George Moore of Keeseville filed the lawsuit Friday. On April 30, he placed the highest bid to buy the four-lot Frontier Town parcels for $49,500. Frontier Town was a Wild West-themed amusement park that closed in 1998. Moore is being represented by Bill Russell, an attorney from Keeseville. The case will end up at the State Supreme Court in Elizabethtown.
Once Moore’s bid was rejected, he and his attorney presented the county Board of Supervisors with a counter offer to buy the parcels for $65,000. The Board of Supervisors then voted to sell the land to the town of North Hudson on June 5 for $60,000, but the sale is not likely to be finalized until the lawsuit is settled, County Attorney Daniel Manning said. The sale was approved on a close weighted vote.
The town of North Hudson plans to use the land for economic development, for a new gas station and snowmobiling trails.
“I’m hoping,” Moore told the Enterprise of his chances to win the lawsuit. “My attorney thinks the things they did were very improper.”
Moore owns another piece of Frontier Town property he bought at a past tax auction.
Manning said the suit claims the county violated its own authority.
“It basically says they feel what we did was arbitrary, capricious and beyond the scope of what we were suppose to do,” Manning said. “They’re saying, ‘Look, you did something you didn’t have the power to do.'”
Manning said that’s not the case, that the county had every authority to do what they did and Moore should know that.
“In an auction, the county can set its own terms and conditions,” Manning said. “We set those terms and conditions, one of which, was that no bids would be considered final or accepted unless the Essex County Board of Supervisors approved each sale.”
Manning said those terms and conditions were signed by each bidder with a copy of their driver’s license and social security card attached to it.
“Also, these rules were all explained to them at a seminar held before the auction, and I believe it was explained to everyone at the auction,” Manning said.
The county also rejected another bid at the recent tax auction due to the seller not wanting to have an easement approved for snowmobile use. Manning said the board has been talking about whether or not to sell the parcels for months in committee.

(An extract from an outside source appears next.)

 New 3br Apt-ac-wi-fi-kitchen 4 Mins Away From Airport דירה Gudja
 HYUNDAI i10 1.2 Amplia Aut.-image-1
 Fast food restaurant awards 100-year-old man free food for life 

“They’re not telling the truth about that,” Moore said. “They had this deal all planned before the auction. They didn’t let me buy it because (they said) I didn’t pay enough, then then they go and sell it to the town of North Hudson for half the amount. There was no minimum bid.”
The properties had $146,379 in taxes and penalties owed, according to county Manager Dan Palmer.
It’s the second year in a row the county held a tax auction. Prior to that, the most recent auction was in 2008.